(Short web captions)

BEGIN

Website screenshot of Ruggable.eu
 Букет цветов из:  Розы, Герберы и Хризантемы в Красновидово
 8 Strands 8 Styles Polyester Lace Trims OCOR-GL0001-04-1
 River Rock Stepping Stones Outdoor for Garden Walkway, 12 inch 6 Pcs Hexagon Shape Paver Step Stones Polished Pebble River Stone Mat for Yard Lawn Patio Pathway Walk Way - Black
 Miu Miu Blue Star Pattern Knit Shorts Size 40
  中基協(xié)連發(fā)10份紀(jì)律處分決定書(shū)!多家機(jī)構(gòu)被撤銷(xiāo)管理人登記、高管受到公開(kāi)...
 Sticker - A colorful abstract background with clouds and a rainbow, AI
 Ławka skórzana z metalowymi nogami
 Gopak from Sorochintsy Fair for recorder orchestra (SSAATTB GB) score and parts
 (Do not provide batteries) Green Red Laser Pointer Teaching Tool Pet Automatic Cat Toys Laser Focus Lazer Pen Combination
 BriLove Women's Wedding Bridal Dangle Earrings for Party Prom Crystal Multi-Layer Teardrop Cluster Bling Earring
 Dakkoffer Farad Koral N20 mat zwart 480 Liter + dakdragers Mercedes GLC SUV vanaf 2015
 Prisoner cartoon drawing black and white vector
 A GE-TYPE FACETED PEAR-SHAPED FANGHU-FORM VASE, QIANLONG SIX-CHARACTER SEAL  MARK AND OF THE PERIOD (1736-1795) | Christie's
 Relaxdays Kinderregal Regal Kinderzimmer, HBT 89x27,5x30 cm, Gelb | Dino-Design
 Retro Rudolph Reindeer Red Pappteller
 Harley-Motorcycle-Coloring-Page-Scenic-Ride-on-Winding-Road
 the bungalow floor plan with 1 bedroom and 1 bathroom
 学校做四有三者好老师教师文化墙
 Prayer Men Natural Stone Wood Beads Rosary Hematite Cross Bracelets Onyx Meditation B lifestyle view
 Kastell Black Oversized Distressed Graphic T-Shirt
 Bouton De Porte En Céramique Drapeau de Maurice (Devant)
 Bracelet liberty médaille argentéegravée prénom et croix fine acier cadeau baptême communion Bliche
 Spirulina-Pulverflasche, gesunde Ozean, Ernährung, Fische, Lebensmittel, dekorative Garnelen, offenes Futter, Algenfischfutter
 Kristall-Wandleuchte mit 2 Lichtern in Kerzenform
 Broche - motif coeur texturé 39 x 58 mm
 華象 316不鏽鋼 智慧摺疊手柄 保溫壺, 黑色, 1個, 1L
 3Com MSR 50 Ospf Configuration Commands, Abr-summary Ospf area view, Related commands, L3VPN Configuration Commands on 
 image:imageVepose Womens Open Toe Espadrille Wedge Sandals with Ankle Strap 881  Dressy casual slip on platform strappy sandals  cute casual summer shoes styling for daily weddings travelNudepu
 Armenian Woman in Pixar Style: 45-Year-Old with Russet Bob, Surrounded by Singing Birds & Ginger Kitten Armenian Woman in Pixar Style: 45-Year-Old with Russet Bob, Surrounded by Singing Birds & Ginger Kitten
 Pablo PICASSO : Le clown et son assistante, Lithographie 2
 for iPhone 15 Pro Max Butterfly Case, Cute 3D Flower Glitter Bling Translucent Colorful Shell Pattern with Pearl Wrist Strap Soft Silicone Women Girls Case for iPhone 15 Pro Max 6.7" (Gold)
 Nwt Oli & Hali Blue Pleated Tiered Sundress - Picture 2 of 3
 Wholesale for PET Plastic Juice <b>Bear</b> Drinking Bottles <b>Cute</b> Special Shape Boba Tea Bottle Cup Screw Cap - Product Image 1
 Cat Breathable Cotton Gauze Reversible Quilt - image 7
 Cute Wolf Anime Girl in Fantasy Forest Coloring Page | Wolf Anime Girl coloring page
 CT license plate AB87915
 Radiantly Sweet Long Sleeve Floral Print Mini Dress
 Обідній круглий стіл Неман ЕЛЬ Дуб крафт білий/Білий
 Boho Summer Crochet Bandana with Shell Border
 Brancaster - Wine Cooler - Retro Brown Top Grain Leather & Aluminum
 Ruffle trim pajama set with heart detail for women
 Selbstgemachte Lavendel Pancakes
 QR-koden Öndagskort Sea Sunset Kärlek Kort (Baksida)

END

WORK TO COMPLETE: Starting at the line that contains "Kastell Black Oversized", return every line through the last one above, exactly as written.

REPLY:
 Kastell Black Oversized Distressed Graphic T-Shirt
 Bouton De Porte En Céramique Drapeau de Maurice (Devant)
 Bracelet liberty médaille argentéegravée prénom et croix fine acier cadeau baptême communion Bliche
 Spirulina-Pulverflasche, gesunde Ozean, Ernährung, Fische, Lebensmittel, dekorative Garnelen, offenes Futter, Algenfischfutter
 Kristall-Wandleuchte mit 2 Lichtern in Kerzenform
 Broche - motif coeur texturé 39 x 58 mm
 華象 316不鏽鋼 智慧摺疊手柄 保溫壺, 黑色, 1個, 1L
 3Com MSR 50 Ospf Configuration Commands, Abr-summary Ospf area view, Related commands, L3VPN Configuration Commands on 
 image:imageVepose Womens Open Toe Espadrille Wedge Sandals with Ankle Strap 881  Dressy casual slip on platform strappy sandals  cute casual summer shoes styling for daily weddings travelNudepu
 Armenian Woman in Pixar Style: 45-Year-Old with Russet Bob, Surrounded by Singing Birds & Ginger Kitten Armenian Woman in Pixar Style: 45-Year-Old with Russet Bob, Surrounded by Singing Birds & Ginger Kitten
 Pablo PICASSO : Le clown et son assistante, Lithographie 2
 for iPhone 15 Pro Max Butterfly Case, Cute 3D Flower Glitter Bling Translucent Colorful Shell Pattern with Pearl Wrist Strap Soft Silicone Women Girls Case for iPhone 15 Pro Max 6.7" (Gold)
 Nwt Oli & Hali Blue Pleated Tiered Sundress - Picture 2 of 3
 Wholesale for PET Plastic Juice <b>Bear</b> Drinking Bottles <b>Cute</b> Special Shape Boba Tea Bottle Cup Screw Cap - Product Image 1
 Cat Breathable Cotton Gauze Reversible Quilt - image 7
 Cute Wolf Anime Girl in Fantasy Forest Coloring Page | Wolf Anime Girl coloring page
 CT license plate AB87915
 Radiantly Sweet Long Sleeve Floral Print Mini Dress
 Обідній круглий стіл Неман ЕЛЬ Дуб крафт білий/Білий
 Boho Summer Crochet Bandana with Shell Border
 Brancaster - Wine Cooler - Retro Brown Top Grain Leather & Aluminum
 Ruffle trim pajama set with heart detail for women
 Selbstgemachte Lavendel Pancakes
 QR-koden Öndagskort Sea Sunset Kärlek Kort (Baksida)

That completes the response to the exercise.